Home Page › Home › Our Heritage
Scottish Silversmiths
Specialising in antique silverware and silver repair, we can trace our silver roots back to 1497.The Hammermen of Glasgow were already an influential and affluent trade of the Burgess, before it became a city. The Hammermen, whose motto remains “By hammer in hand all arts do stand” were incorporated in 1536 to protect their members from infiltrators and to establish a standard of workmanship. In the hundreds of years since incorporation, Glasgow’s Hammermen produced some fine pieces of silvermith work which still occasionally come into the Morrison-Ignatieff workshop for repair.

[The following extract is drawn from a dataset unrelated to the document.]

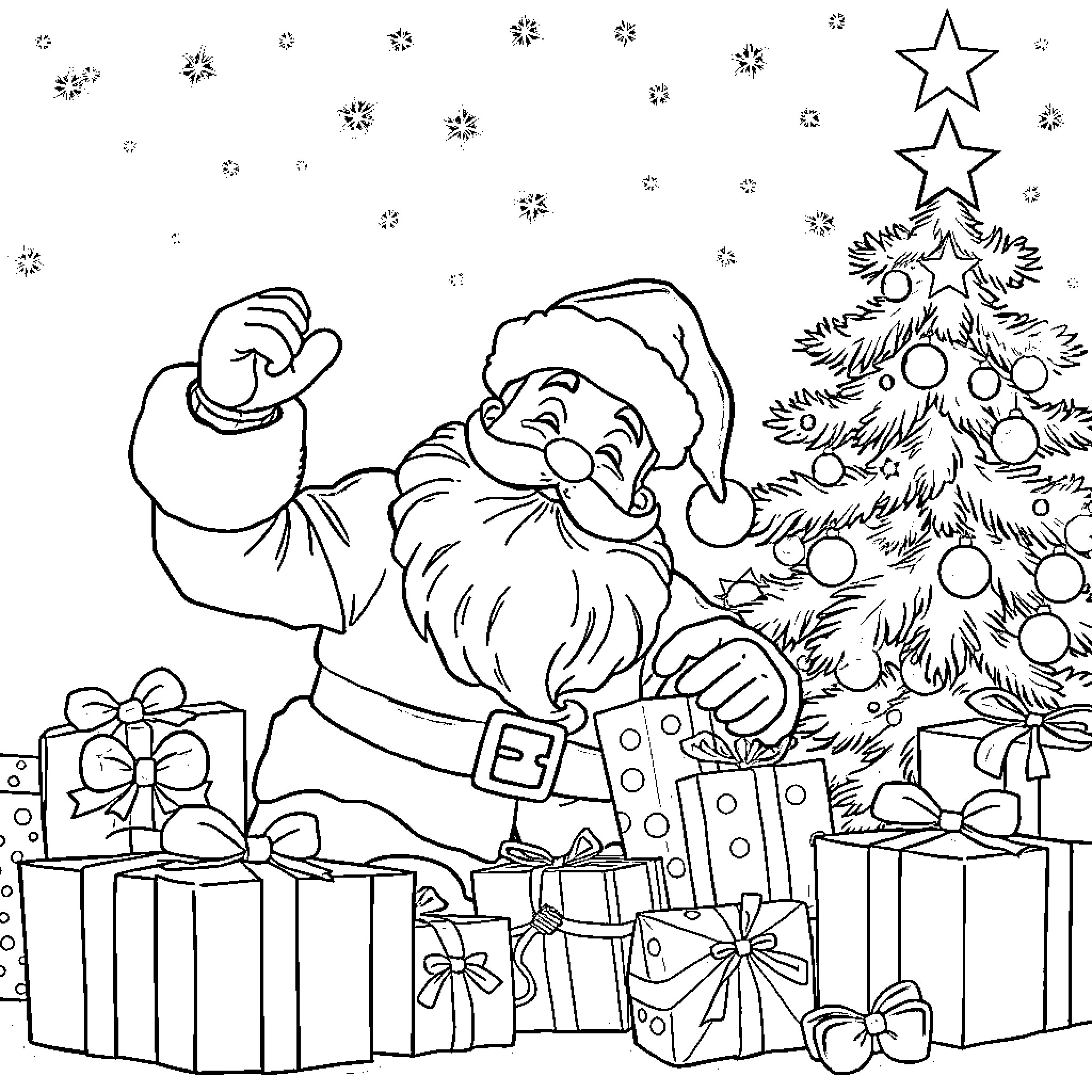 Santa decorating the Christmas tree with presents Coloring Page (free black-and-white line drawing printable PDF for all, from beginners to advanced learners, including children, teens, adults, and seniors)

One of Morrison-Ignatieff silversmiths ancestors was William M.Duncan who in the late 1920′s left his employer ,”Fettes” at Parliamentary Road, Townhead, to set up his own silversmith business, eventually moving to 119 Virginia Place. For a few decades, another of Fettes’ apprentices’ Harry Falconer set up business in Cowcaddens, avoiding direct competition by specialising in church silverware. Morrison-Ignatieff now houses a collection of drawings, some of Mr.Duncan’s and some even earlier, as well as Alf Walker’s chasings of Glasgow patterns used to carry out significant silver commissions for the city, its churches, and its regimental silverware. Alf Walker was an independent Chaser who in his career worked on the Scottish Crown and was often employed by Mr.Duncan until his retirement in the 1950′s. The silversmith workshop also retains his collection of silversmith chasing tools.
Mr Duncan passed the silversmith business to his former apprentice Murdoch Fletcher in 1955, who took on a partner Bob Angell, thus creating Angell & Fletcher. Bob Angell was an excellent box maker trained in London. One of Angell & Fletcher’s silver commissions was the “Silver Spear of Peace” for JoMo Kenyatta.